── Exercise data

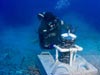 A diver deploying a bottom-mounted Acoustic Doppler Current Profiler (ADCP).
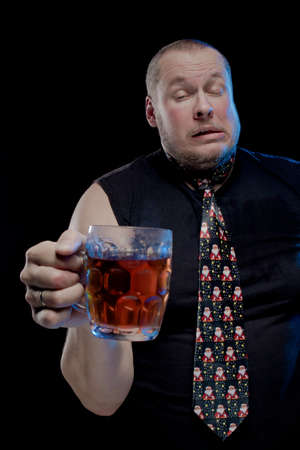 Comic actor man in cap with braids with a glass of beer on a black background, in anticipation of Christmas and New Year Stock Photo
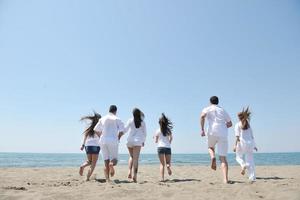 grupo de pessoas felizes se divertir e correr na praia foto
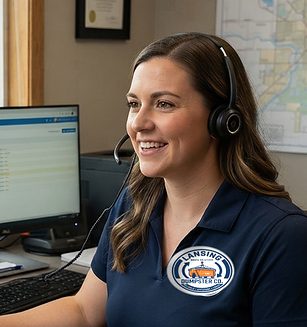 Claire, Lansing Dumpster Co dispatcher, taking a booking in the office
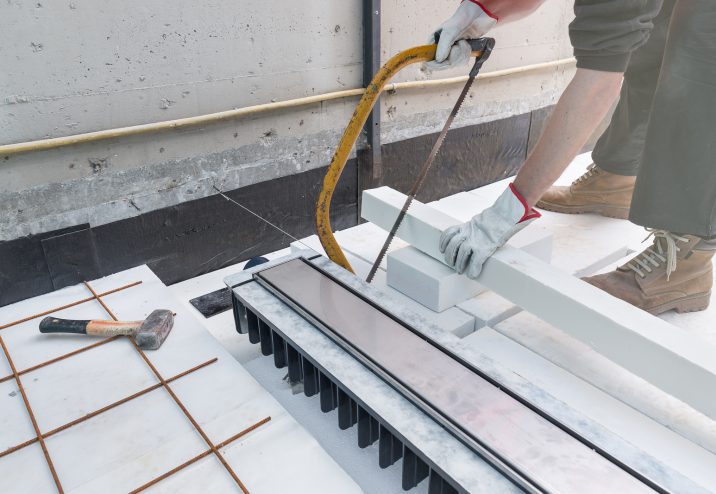 CMSA monitoring workers precisely cutting wooden blocks on site in Hong Kong during the structural preparation
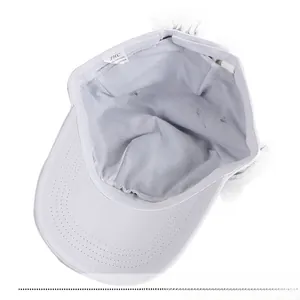 Detailed interior of a white cotton baseball cap showing stitching and fabric texture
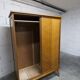 1950 wardrobe with compass legs, sliding doors, and a new top.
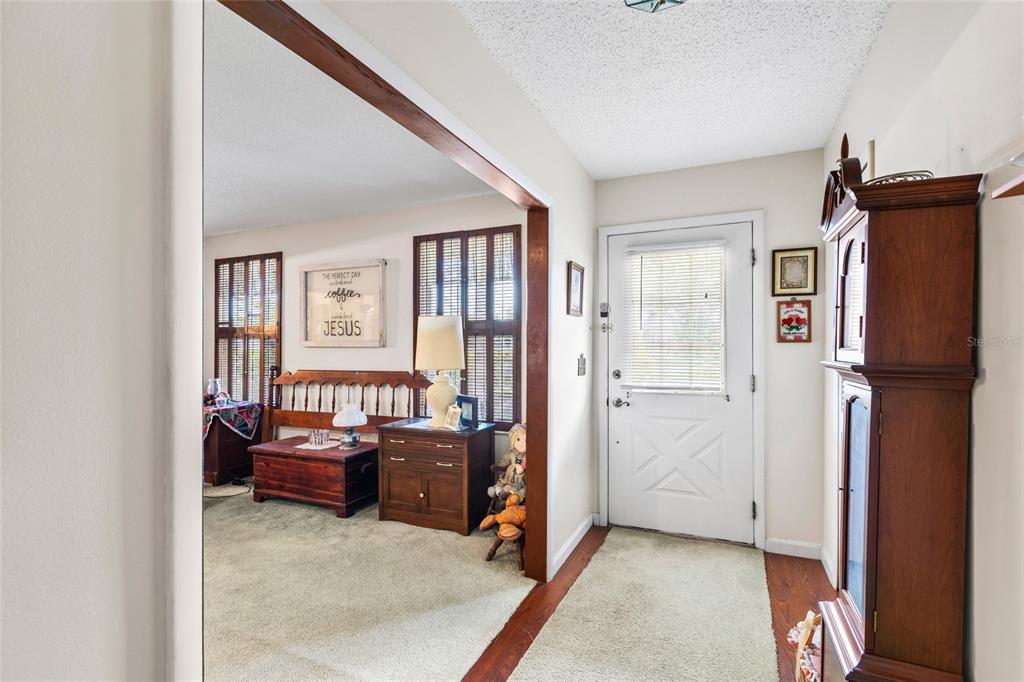An entryway with a grandfather clock leads into a carpeted living area with wooden furniture — 7797 132ND WAY, SEMINOLE, FL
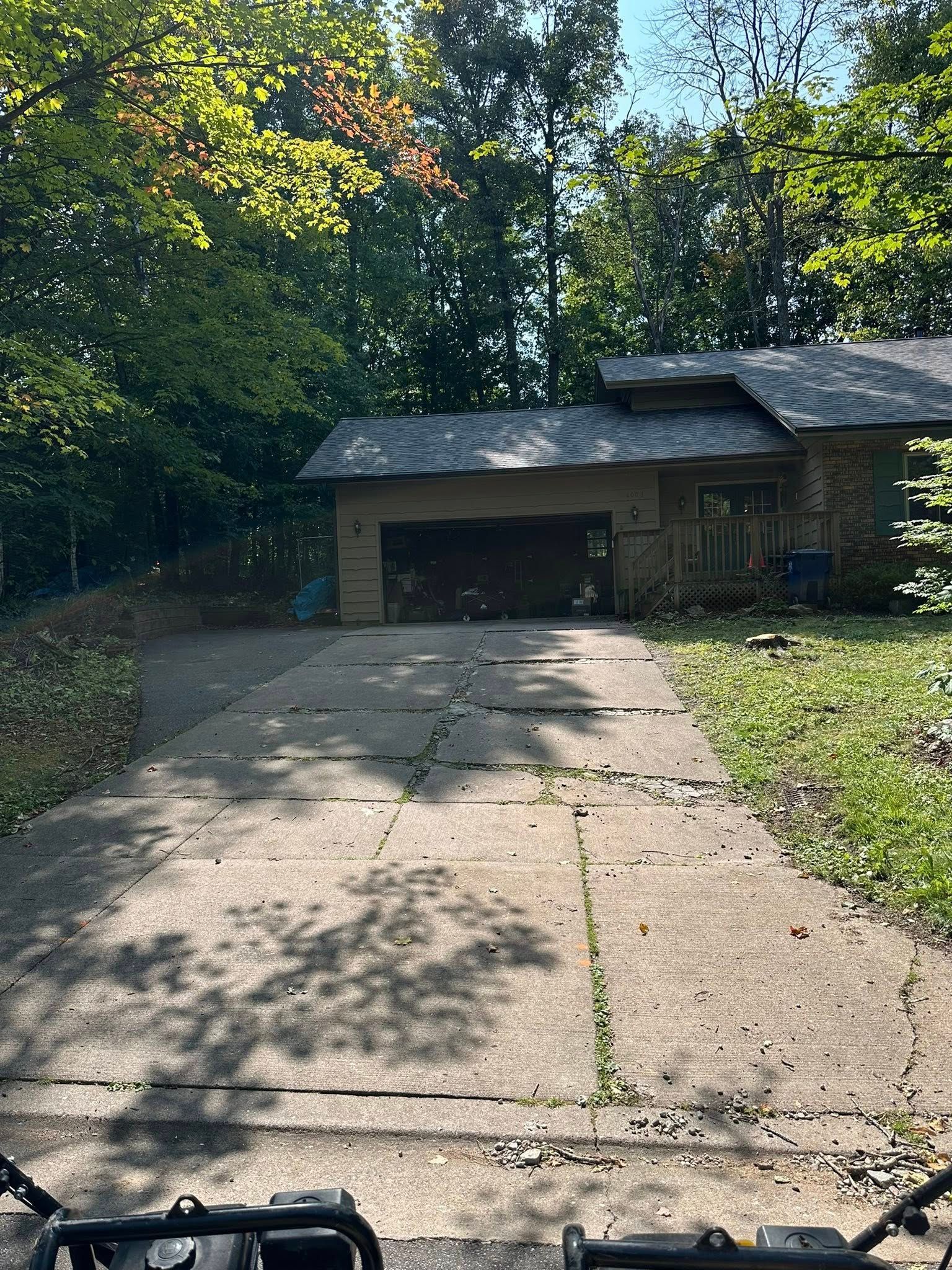 Driveway leading to a one-story house with a garage, trees in the background, sunny day.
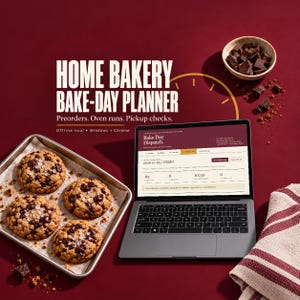 May include: A laptop displaying the Bake Day Dispatch software, a metal baking sheet with four chocolate chip cookies, a small bowl of chocolate chunks, and a striped cloth on a dark red surface. Text reads: HOME BAKERY BAKE-DAY PLANNER.
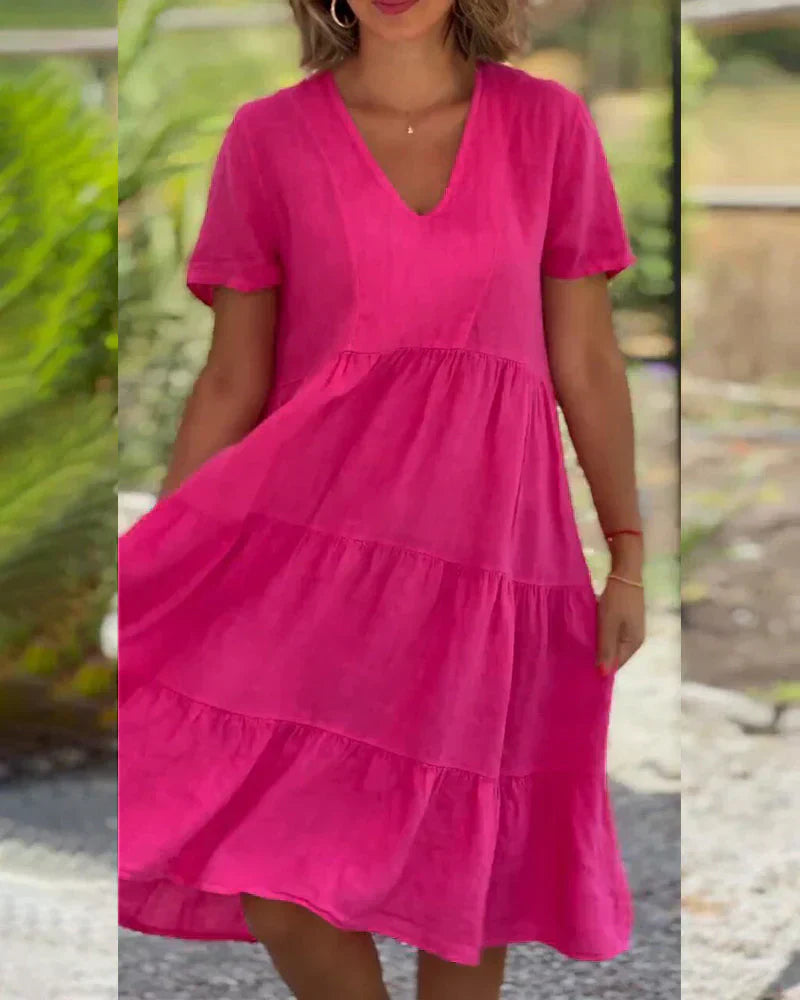 Woman wearing the Veronica™ V-neck summer dress with a soft layered skirt, strolling on a sunny afternoon.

────

What you should do: Pictures should not appear in the copy. Write out exactly the lines above from the first one through the line that contains "grupo de pessoas".

Your solution:
 A diver deploying a bottom-mounted Acoustic Doppler Current Profiler (ADCP).
 Comic actor man in cap with braids with a glass of beer on a black background, in anticipation of Christmas and New Year Stock Photo
 grupo de pessoas felizes se divertir e correr na praia foto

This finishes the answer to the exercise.